- Location: Chicago, Illinois, United States
- Address: Suite 2400, Two Prudential Plaza, 180 North Stetson Avenue
- Jurisdiction: Illinois, Missouri and Wisconsin
- Consul General: Claire Kennedy
- Website: Canadian Consulate General in Chicago

= Consulate General of Canada, Chicago =

Diplomatic mission of Canada in Illinois

The Consulate General of Canada in Chicago is a Government of Canada diplomatic mission responsible for Canadian interests in the states of Illinois, Missouri, Wisconsin, northwestern Indiana and the Kansas City metro area. The Consulate General is part of a worldwide network of Canadian diplomatic and trade offices, including more than 15 across the United States. In the Midwest, Canada accounts for more than 35% of the region's international trade. Canada is the largest export market for Illinois, Missouri and Wisconsin, larger than Mexico, China, Brazil, Australia, and Japan combined. The Midwest–Canada trade relationship is worth more than $60 billion annually and supports more than 650,000 Midwest jobs. Canada is also the largest foreign supplier of oil, natural gas, electricity, and uranium to the U.S. The trade partnership, along with an integral energy relationship, a shared responsibility for the Great Lakes and the environment, and the vast cultural, academic and tourism ties between the two countries, are just a few examples of why the Canada–U.S. relationship is so beneficial and meaningful to both nations. The mission's 27 staff members in Chicago work to further this relationship by promoting Canada's interests in this region through stronger trade and economic ties, as well as enhanced political, academic and cultural links between Canada and the Midwest. The Consulate General also provides consular assistance to Canadians who are visiting or living in the accredited territory.

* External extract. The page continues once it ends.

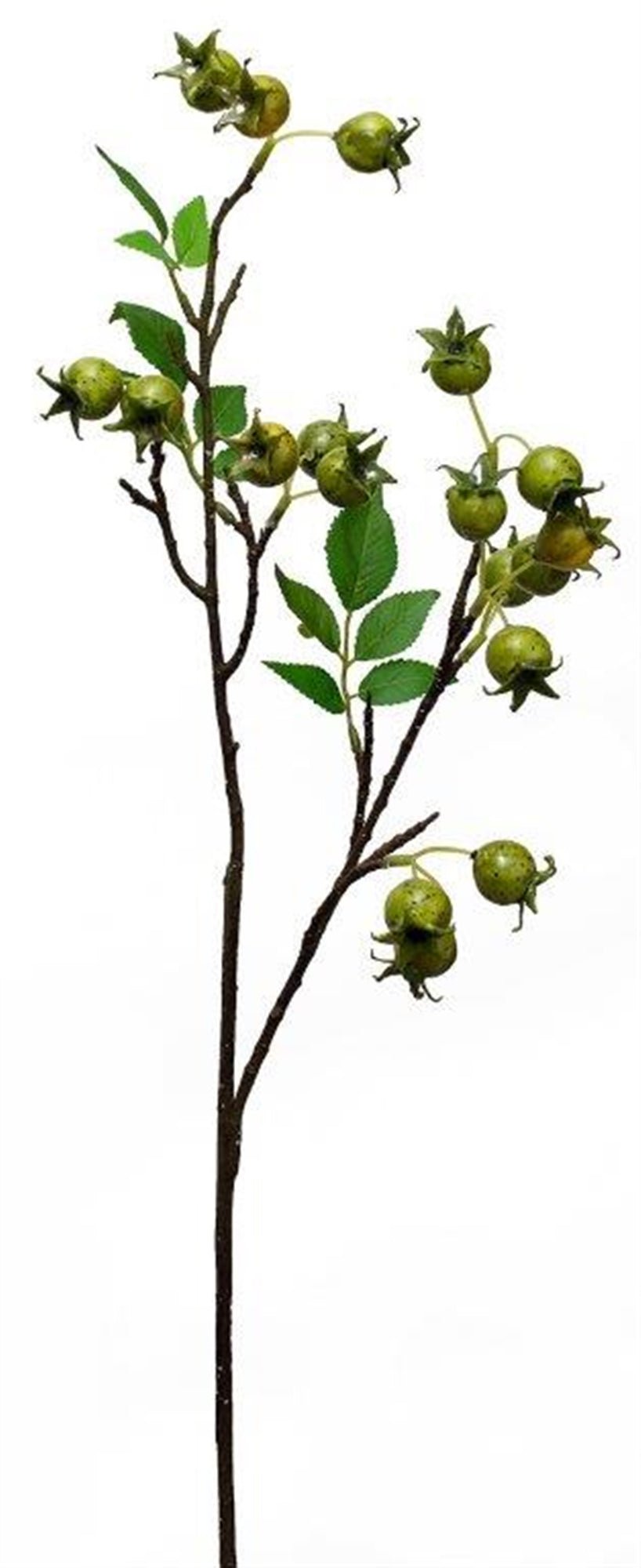 Green Rose Hip Twig Branch (Set of 4)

== Current and former Canadian Consuls General in Chicago ==
- Edmond Turcotte (November 10, 1947) – the first consul-general
- Douglas S. Cole (August 1, 1950 –)
- Frederick H. Palmer (February 1, 1955 –)
- Gerald A. Newman (April 15, 1957 – October 16, 1960)

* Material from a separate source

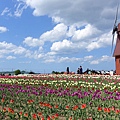 DSC09648_副本.jpg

- Charles F. Wilson (April 7, 1960 – December 31, 1964)
- Stanley V. Allen (January 29, 1965 – June 19, 1969)
- Leland H. Ausman (June 17, 1969 – April 1, 1970)

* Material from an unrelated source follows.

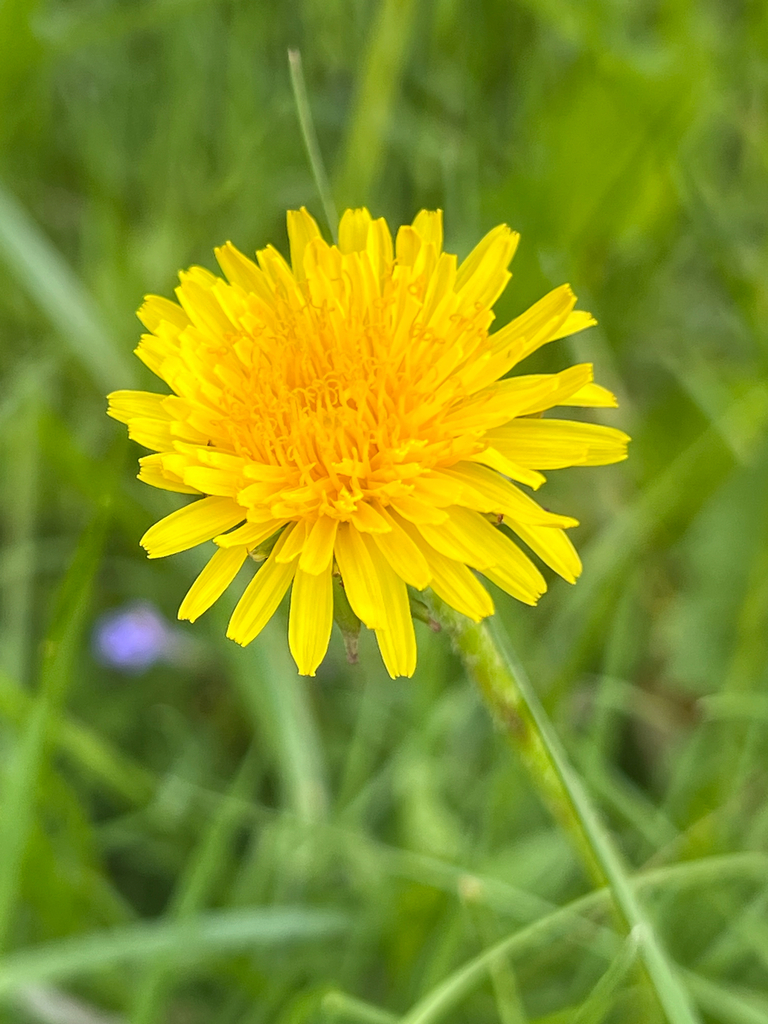 common dandelion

- Robert D. Sirrs (April 1, 1970 – August 15, 1971)
- John Timmerman (August 25, 1971 – September 5, 1974)
- Wilmer J. Collett (May 8, 1974 – July 9, 1979)
- James H. Stone (April 4, 1979 – May 1, 1980)
- Robert H. Gaynor (1980–1984)
- Anthony Halliday (1984–1989)
- Douglas Valentine (August 24, 1989 –)
- Allan Lever (December 15, 1993–)
- J. Christopher Poole (July 10, 1997–)
- Anne Charles (July 2, 2002-2006)
- Georges Rioux (2006 – 2011)
- Gitane De Silva (December 15, 2011 – January 16, 2014)
- Roy Norton (2014 - 2016)
- John Cruickshank (2017 – 2020)
- Madeleine Féquière (2022 - August 2026)
- Claire Kennedy (September 2026 to present)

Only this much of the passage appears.